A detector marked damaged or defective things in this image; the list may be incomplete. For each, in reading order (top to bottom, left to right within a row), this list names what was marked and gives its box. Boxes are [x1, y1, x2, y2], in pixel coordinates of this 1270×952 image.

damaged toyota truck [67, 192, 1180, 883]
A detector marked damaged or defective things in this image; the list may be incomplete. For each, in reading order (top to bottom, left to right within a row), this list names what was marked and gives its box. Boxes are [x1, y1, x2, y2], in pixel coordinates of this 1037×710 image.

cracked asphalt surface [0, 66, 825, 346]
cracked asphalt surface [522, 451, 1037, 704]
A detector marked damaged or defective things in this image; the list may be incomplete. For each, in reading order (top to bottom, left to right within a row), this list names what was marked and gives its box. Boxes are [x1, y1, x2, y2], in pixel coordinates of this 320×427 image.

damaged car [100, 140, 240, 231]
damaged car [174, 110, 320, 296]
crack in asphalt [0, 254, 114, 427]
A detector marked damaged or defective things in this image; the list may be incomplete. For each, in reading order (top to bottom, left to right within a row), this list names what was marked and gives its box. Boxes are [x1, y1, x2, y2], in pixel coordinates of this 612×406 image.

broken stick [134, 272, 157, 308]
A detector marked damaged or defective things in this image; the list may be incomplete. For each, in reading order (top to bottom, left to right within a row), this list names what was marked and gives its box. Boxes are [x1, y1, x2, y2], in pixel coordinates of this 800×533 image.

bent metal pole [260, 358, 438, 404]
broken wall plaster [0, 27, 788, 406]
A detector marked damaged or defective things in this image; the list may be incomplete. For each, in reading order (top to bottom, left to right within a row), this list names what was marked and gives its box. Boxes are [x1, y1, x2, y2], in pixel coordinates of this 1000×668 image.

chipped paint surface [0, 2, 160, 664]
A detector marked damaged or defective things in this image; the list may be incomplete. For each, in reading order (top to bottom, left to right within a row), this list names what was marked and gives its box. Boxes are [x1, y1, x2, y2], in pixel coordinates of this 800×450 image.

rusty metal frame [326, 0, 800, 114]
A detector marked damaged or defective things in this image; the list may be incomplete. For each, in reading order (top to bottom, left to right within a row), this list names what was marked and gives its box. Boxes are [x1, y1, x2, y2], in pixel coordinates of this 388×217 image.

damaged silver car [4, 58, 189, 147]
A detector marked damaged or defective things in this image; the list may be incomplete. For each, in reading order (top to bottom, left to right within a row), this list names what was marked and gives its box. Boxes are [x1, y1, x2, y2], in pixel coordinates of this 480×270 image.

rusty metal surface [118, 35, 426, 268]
==========
• The task:
Copy out the line holding "this 480×270 image.". Then copy every later line of the data, unchanged, through the last one.

• Result of this exercise:
A detector marked damaged or defective things in this image; the list may be incomplete. For each, in reading order (top to bottom, left to right within a row), this list names what was marked and gives its box. Boxes are [x1, y1, x2, y2], in pixel coordinates of this 480×270 image.

rusty metal surface [118, 35, 426, 268]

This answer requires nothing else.